Saudi authorities detained a billionaire global investor and the head of the National Guard as part of an anti-corruption purge that consolidates Crown Prince Mohammed bin Salman’s hold on power.
Prince Alwaleed bin Talal, who owns investment firm Kingdom Holding, was among 11 princes, four ministers and tens of former ministers detained, two senior Saudi officials told Reuters on Sunday.
A top security official, Prince Miteb bin Abdullah, was detained and replaced as minister of the powerful National Guard by Prince Khaled bin Ayyaf. This consolidates Prince Mohammed’s bin Salman’s control of security institutions which had previously been headed by separate branches of the ruling family.
News of the purge came in the early hours of Sunday after King Salman decreed the creation of an anti-corruption committee chaired by his 32-year-old son Prince Mohammed, who has amassed power since rising from obscurity less than three years ago.
The new body was given broad powers to investigate cases, issue arrest warrants and travel restrictions and freeze assets.
“The homeland will not exist unless corruption is uprooted and the corrupt are held accountable,” the royal decree said, reports Reuters.
Analysts said the goal of the purge went beyond corruption and aimed to remove potential opposition to Prince Mohammed as he pushes an ambitious and controversial reform agenda.

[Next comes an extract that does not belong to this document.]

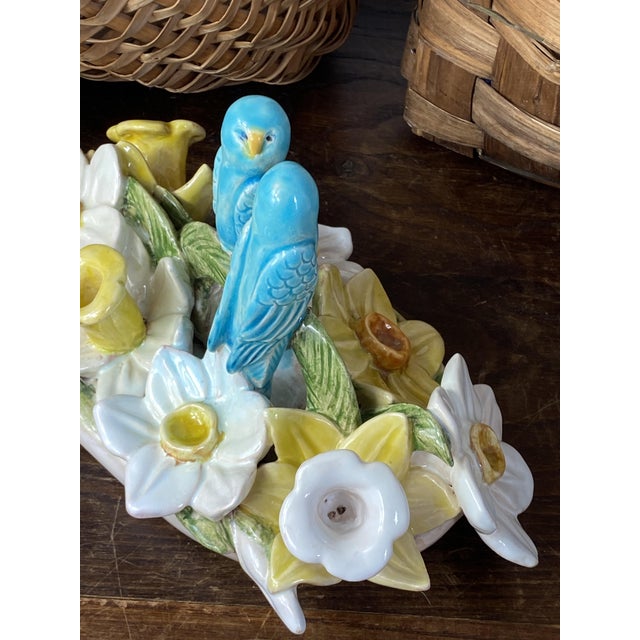 Ceramic Earthenware Centerpiece and Two Candlesticks, 1950s, Set of 3 For Sale - Image 7 of 18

In September, he announced that a ban on women driving would be lifted and he is trying to break decades of conservative tradition by promoting public entertainment and visits by foreign tourists.
In economic policy, he has slashed state spending in some areas and plans a big sale of state assets.

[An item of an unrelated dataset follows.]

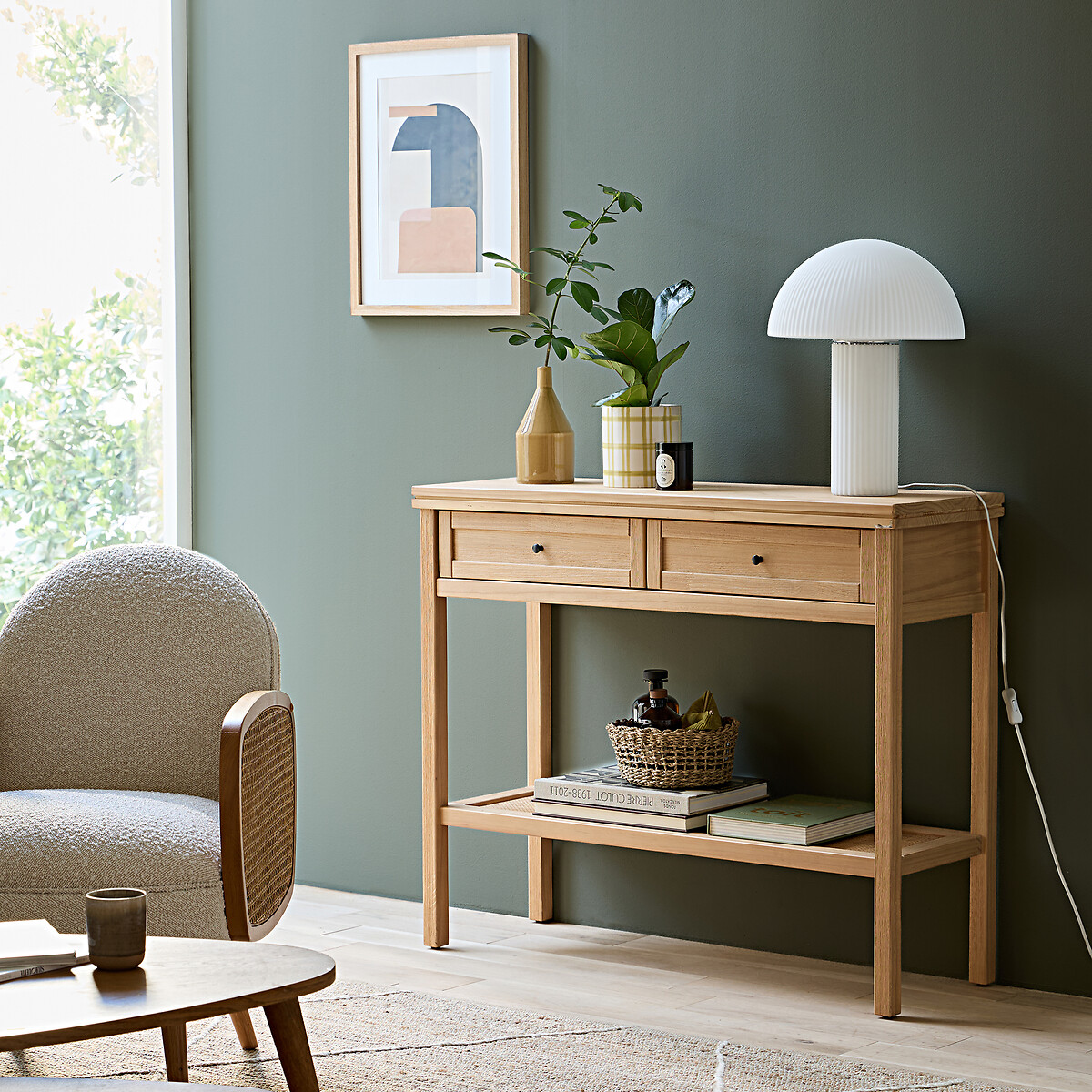 Console double plateau pin massif et cannage Gabin naturel, LA REDOUTE INTERIEURS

“The most recent crackdown breaks with the tradition of consensus within the ruling family whose secretive inner workings are equivalent to those of the Kremlin at the time of the Soviet Union,” wrote James Dorsey, a senior fellow at Singapore’s S. Rajaratnam School of International Studies.
“Prince Mohammed, rather than forging alliances, is extending his iron grip to the ruling family, the military, and the National Guard to counter what appears to be more widespread opposition within the family as well as the military to his reforms and the Yemen war,” Dorsey said.
An economist at a big Gulf bank, who declined to be named because of political sensitivities, said nobody in Saudi Arabia believed corruption was at the root of the purge.
“It’s about consolidating power and frustration that reforms haven’t been happening fast enough,” the economist said.